Aligning

Internal alignment is often that spot where every manager in the organization is happy, while everyone looking from the outside (customers included) have no clue what is going on.

Aligning is important, but it needs to happen on broad topics. Values, principles, long-term targets.

When alignment gets down to the tactics, to the details, it turns into agreement. It becomes a patchwork that at best reflects the ego and desires of a limited amount of people.

It’s natural

Understand that it is normal to want to make things complex.

To want to add just one more feature. To want to make a clause for that particular case. To want to split the price to make it more flexible. To want to tell exactly how it works. To want to cover all the needs of all possible audiences. To want to factor in all the preferences of all possible stakeholders.

Understand that it is normal to want all of this.

And understand also that customers want simple. You yourself want simple when you are the customer.

Complexity is natural. It is also not what is going to make your business grow.

Follow the leader

Two thoughts about the Uber campaign running in the UK emphasizing driver’s rights.

  1. We have a company that leverages the way it treats its employees for an outdoor, B2C advertising campaign. That could be a first. It is a sign that customers are more considerate in their decisions, and the criteria on their radar go beyond product functionality and price.
  2. Other taxi and ride-hailing apps have missed a huge opportunity to cover this space and dominate it. They gifted Uber with time to go fight in courtrooms and come up with a strategy that is the exact opposite of what Uber execs claimed only few months ago. Following the leader has taken them off track.

One and many

You have one single product and multiple ways to tell about it.

That does not mean that you have to tell a different story every time you talk to a different audience. It means that you need to be sensible enough to adapt your story to match the language and the background of the audiences you care about (i.e., that make you money).

The drill goes like this.

  1. Work on your story.
  2. Identify your audience.
  3. Research your audience.
  4. Translate your story in a language that your audience can understand (without changing it).
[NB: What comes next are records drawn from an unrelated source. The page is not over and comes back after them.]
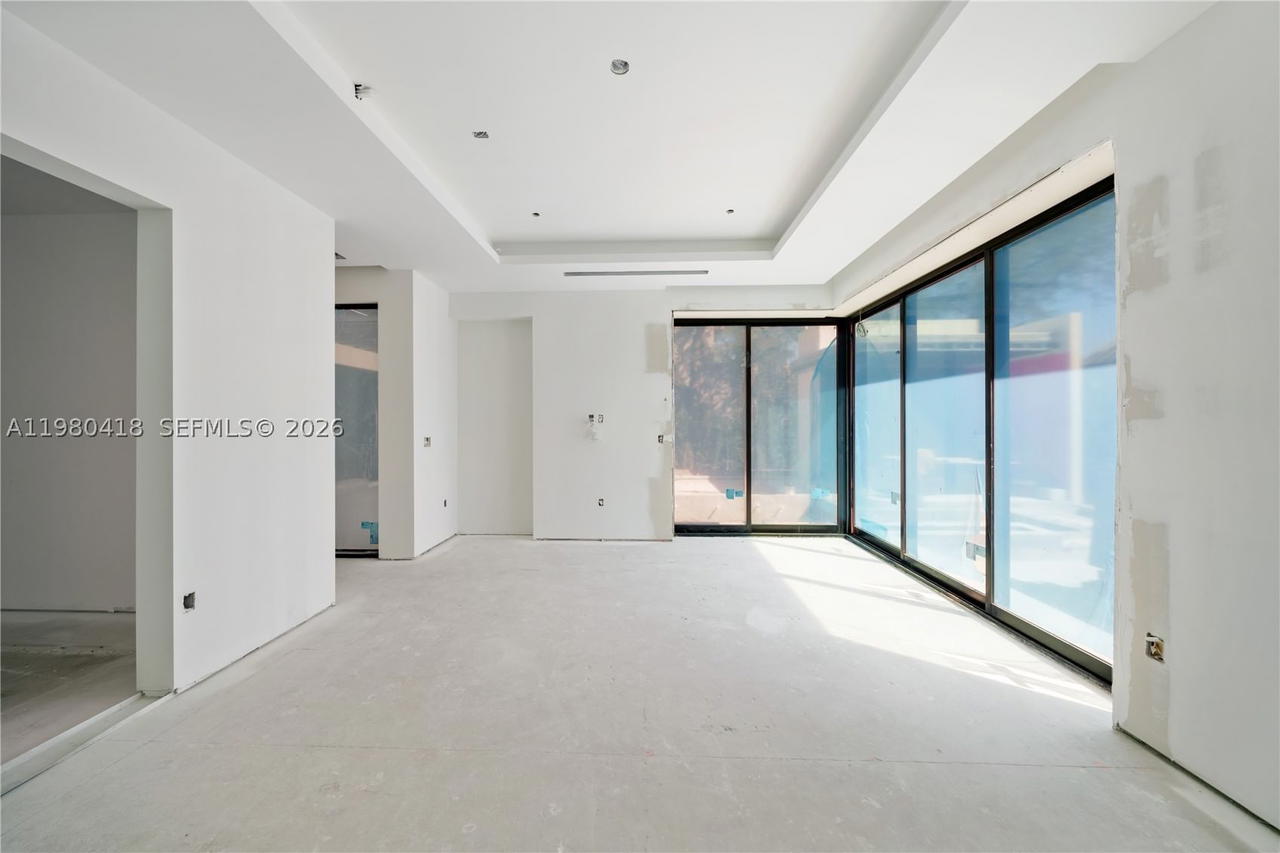 Real estate property located at 820 111th St, Miami-dade, Amd Pl Griffing Biscayne, Biscayne Park, FL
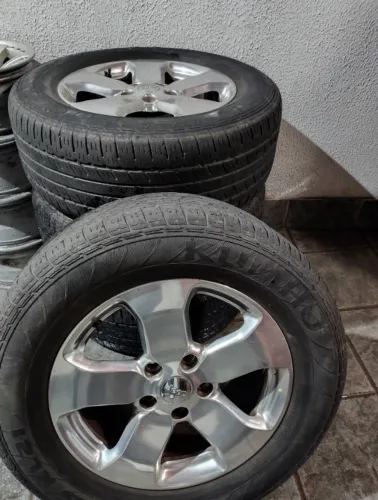 Rodas com pneus 18 5x127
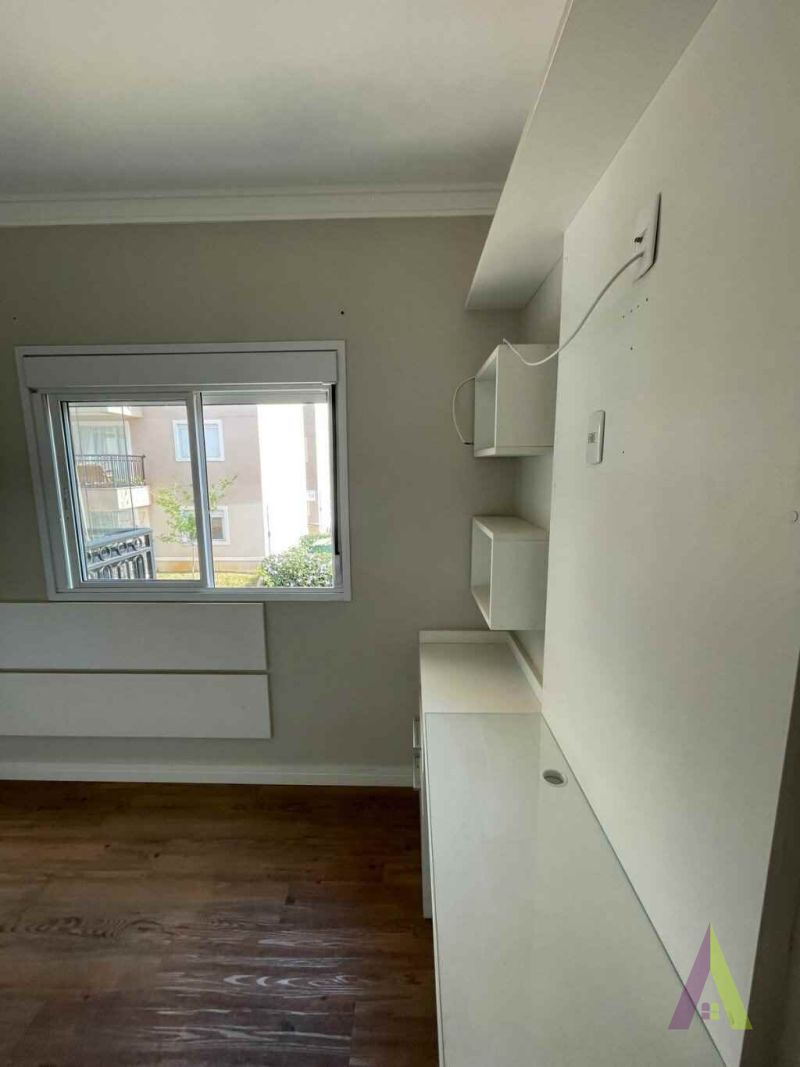Apartamento Rico em Planejados  em Condomínio Clube em São Roque!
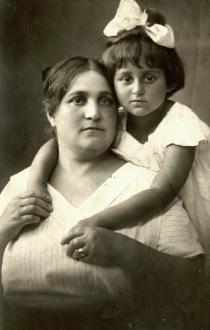 Ronia Finkelshtein with her mother Adel Finkelshtein
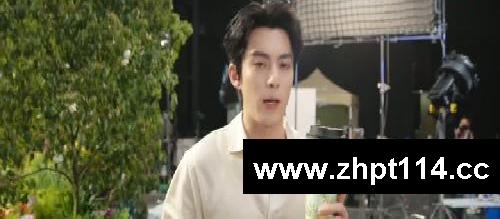 这里有一份工作中的@王鹤棣 花絮，请查收！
You can’t have 2, 3, and 4 if you have not started with 1. And at the same time, you can’t pretend 1 to be effective if you are not following up with 2, 3, and 4.

When you get to 4, that’s the time to be consistent, over a period of time, to see if you have worked, identified, and researched well.
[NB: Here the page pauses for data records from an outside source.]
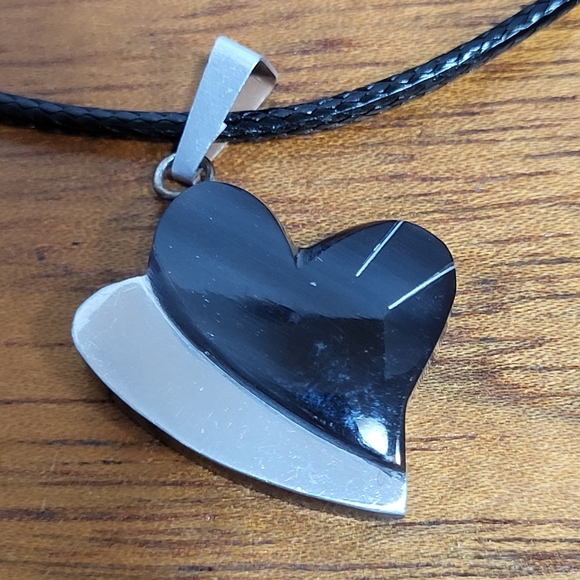 Vintage Carved Smokey Black with Applied Inlayed Silver Tone Metal Heart Pendant - Picture 13 of 16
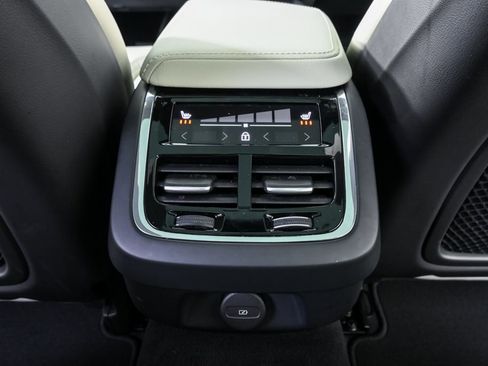 Certified 2025 Volvo V60 B5 Cross Country Ultra image 22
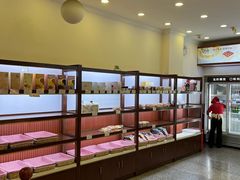 -红宝石·鲜奶小方·海派西点房(控江店)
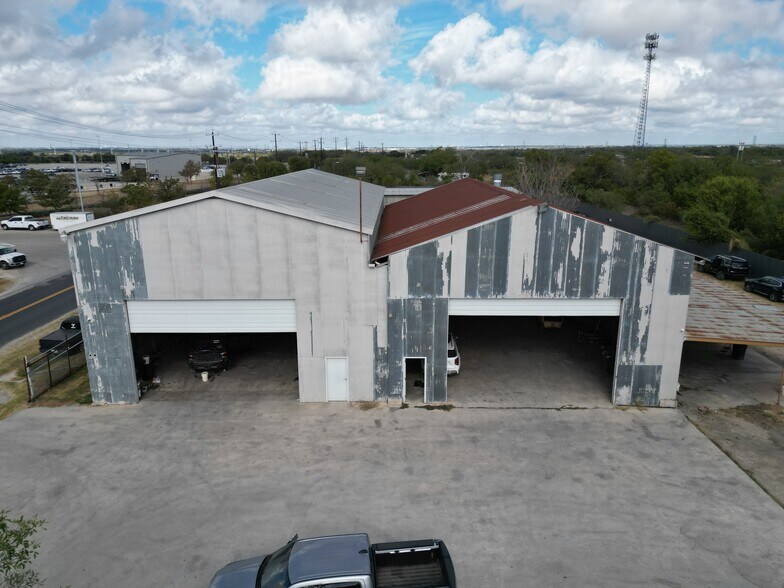More Photos Of 11390 Old Corpus Christi, San Antonio Service For Sale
It’s a tough job. It is long-term.

All of that

Product marketing can be many things.

It can be a way to communicate new products and features.
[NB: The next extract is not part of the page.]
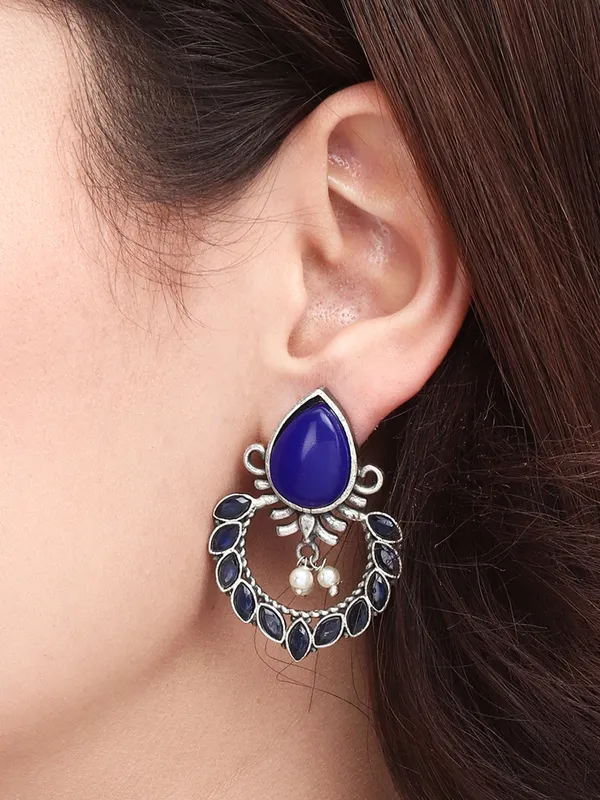 Silver_Oxidised_finish_drop_earring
It can be a way to gather insights on markets and customers.

It can be a way to produce material that helps sales selling.

It can be a way to decide what the product is about and how it should be expressed.

It can be a way to strategize how to launch a product or a feature.

It can be a way to create content for marketing campaigns.

Product marketing can be many things. And the best product marketing is all of that at the same time.